RECORDS PROVIDED:
☆ ☆ ☆ ☆
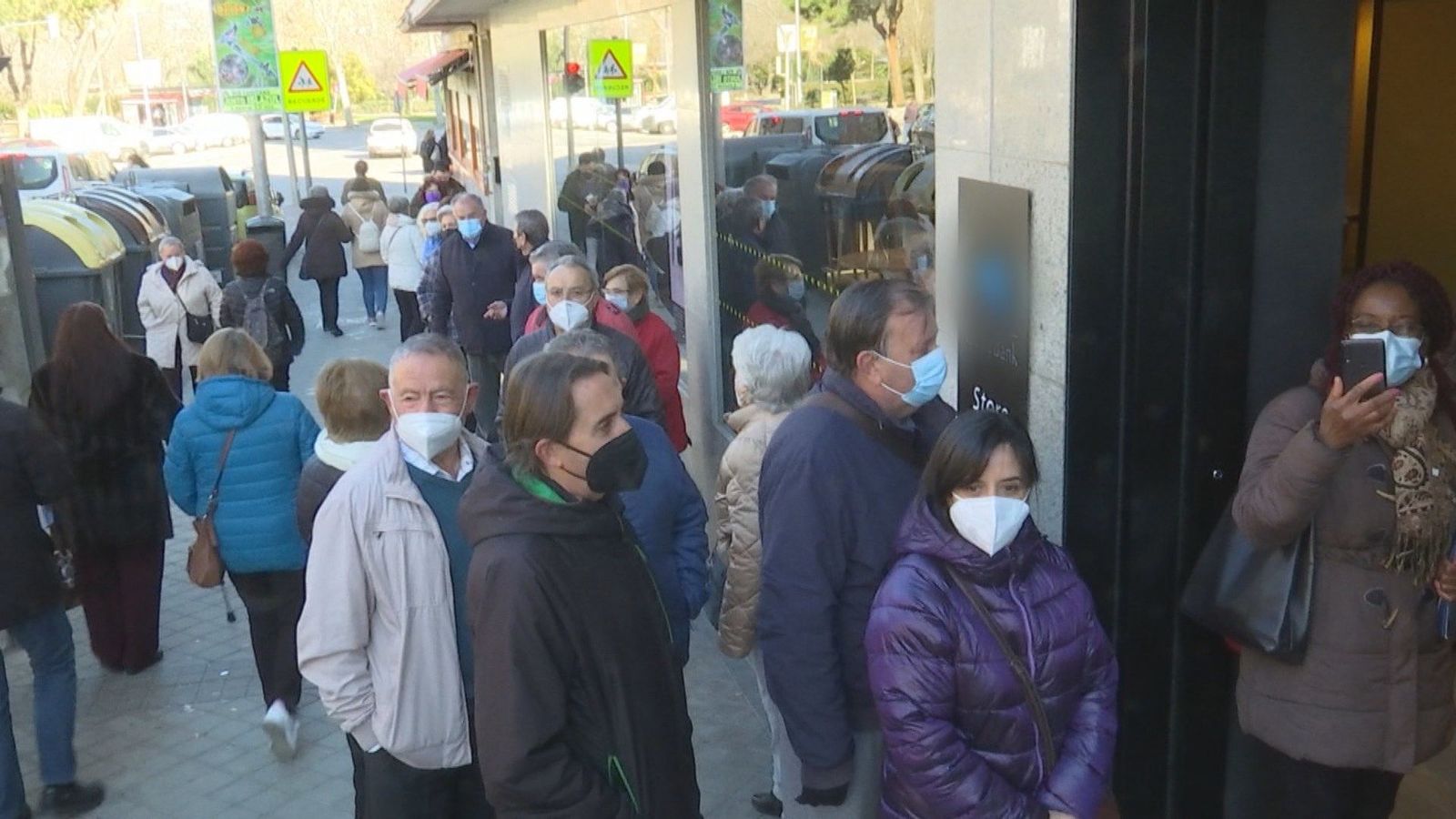 El cierre de varias sucursales bancarias en Carabanchel origina colas permanentes en los cajeros
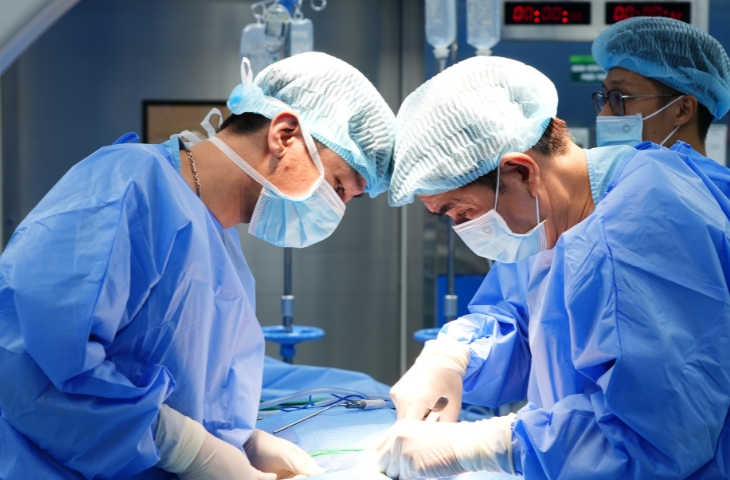 phẫu thuật điều trị trượt đốt sống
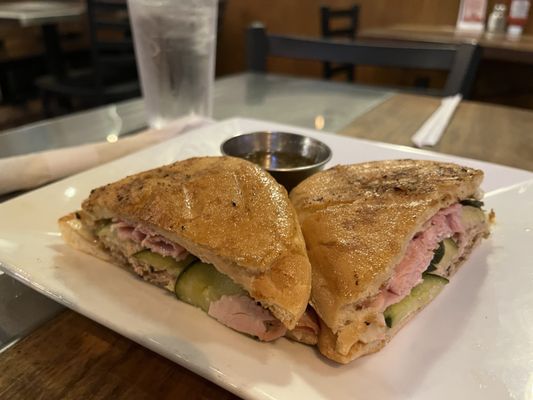 Sesame Burgers & Beer by null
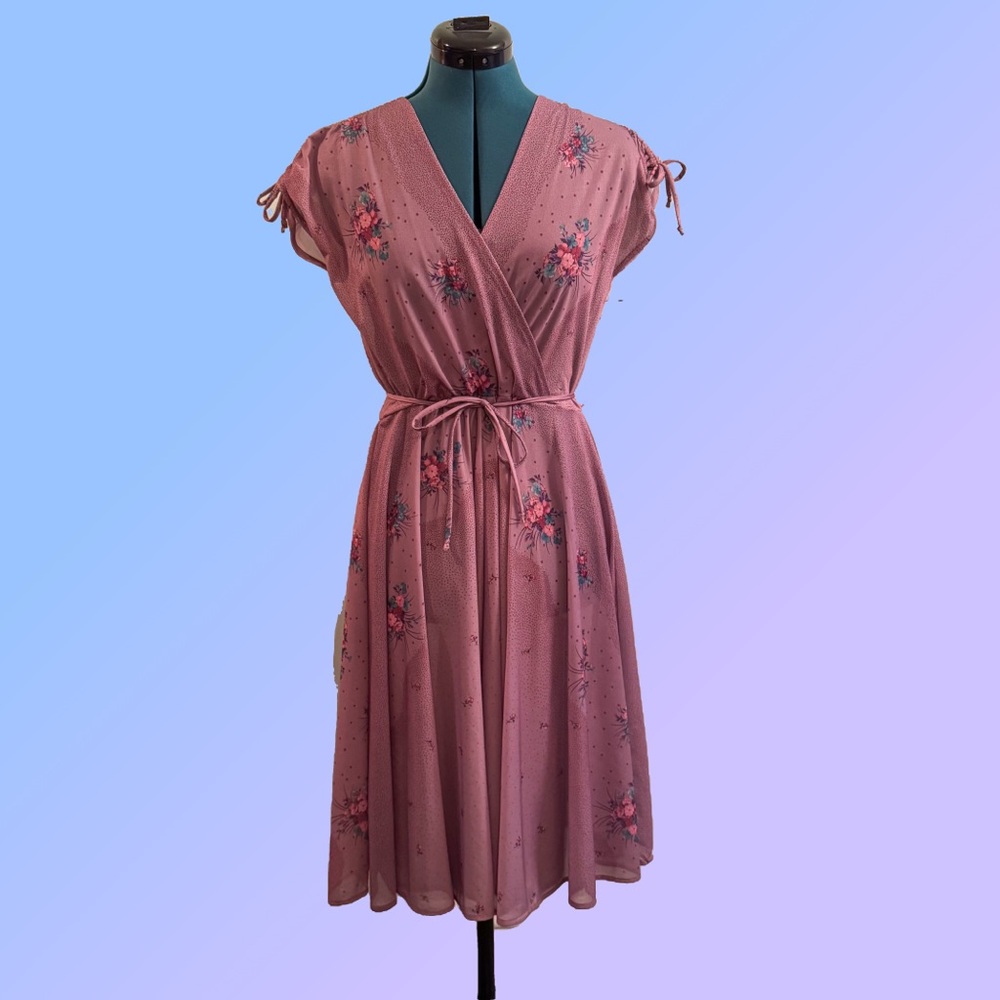 Beautiful Vintage Mauve Floral Dress - small/medium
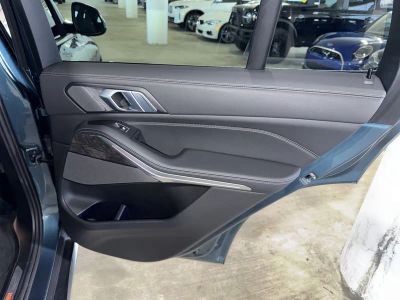 2024 BMW X5 — photo 11 view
☆ ☆ ☆ ☆
WHAT TO PRODUCE: Reproduce verbatim, and only, the lines starting at the one that contains "phẫu thuật điều trị trượt đốt sống" and ending with the final line of the records; leave out the pictures.

EXERCISE ANSWER:
 phẫu thuật điều trị trượt đốt sống
 Sesame Burgers & Beer by null
 Beautiful Vintage Mauve Floral Dress - small/medium
 2024 BMW X5 — photo 11 view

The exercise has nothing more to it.